Data entries:

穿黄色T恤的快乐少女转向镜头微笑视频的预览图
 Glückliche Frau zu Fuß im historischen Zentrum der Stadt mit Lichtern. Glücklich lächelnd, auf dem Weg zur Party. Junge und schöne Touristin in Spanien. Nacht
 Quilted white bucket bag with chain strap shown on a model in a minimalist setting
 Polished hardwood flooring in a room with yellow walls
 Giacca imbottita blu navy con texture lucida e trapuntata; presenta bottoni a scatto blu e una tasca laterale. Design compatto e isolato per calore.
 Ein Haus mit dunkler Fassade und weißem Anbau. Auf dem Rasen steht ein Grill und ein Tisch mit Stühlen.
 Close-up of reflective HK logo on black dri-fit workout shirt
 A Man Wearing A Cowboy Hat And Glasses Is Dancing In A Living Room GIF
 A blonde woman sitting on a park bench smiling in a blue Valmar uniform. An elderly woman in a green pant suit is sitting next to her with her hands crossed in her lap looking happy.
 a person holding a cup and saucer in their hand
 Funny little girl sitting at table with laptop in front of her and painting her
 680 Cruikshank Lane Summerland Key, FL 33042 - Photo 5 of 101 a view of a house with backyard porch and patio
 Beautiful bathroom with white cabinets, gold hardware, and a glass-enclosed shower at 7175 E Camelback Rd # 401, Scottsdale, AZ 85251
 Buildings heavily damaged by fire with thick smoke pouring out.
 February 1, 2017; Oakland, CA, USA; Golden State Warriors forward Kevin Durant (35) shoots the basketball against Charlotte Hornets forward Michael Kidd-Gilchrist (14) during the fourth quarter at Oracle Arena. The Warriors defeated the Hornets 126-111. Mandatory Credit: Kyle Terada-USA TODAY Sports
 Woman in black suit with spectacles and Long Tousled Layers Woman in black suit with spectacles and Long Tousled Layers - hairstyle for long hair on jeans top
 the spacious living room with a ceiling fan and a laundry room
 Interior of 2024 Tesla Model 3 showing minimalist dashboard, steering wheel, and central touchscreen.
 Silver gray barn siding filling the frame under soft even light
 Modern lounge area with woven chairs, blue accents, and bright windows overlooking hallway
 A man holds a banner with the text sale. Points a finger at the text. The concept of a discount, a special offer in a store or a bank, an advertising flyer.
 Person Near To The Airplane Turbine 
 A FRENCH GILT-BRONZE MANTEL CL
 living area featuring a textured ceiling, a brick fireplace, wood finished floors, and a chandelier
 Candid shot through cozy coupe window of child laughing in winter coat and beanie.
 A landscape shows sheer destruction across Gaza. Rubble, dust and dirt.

## ACTIVITY
Output these and nothing else: the lines from the one holding "Person Near To The Airplane Turbine" through the final line of the entries above, exactly as they appear.

## ANSWER BELOW
 Person Near To The Airplane Turbine 
 A FRENCH GILT-BRONZE MANTEL CL
 living area featuring a textured ceiling, a brick fireplace, wood finished floors, and a chandelier
 Candid shot through cozy coupe window of child laughing in winter coat and beanie.
 A landscape shows sheer destruction across Gaza. Rubble, dust and dirt.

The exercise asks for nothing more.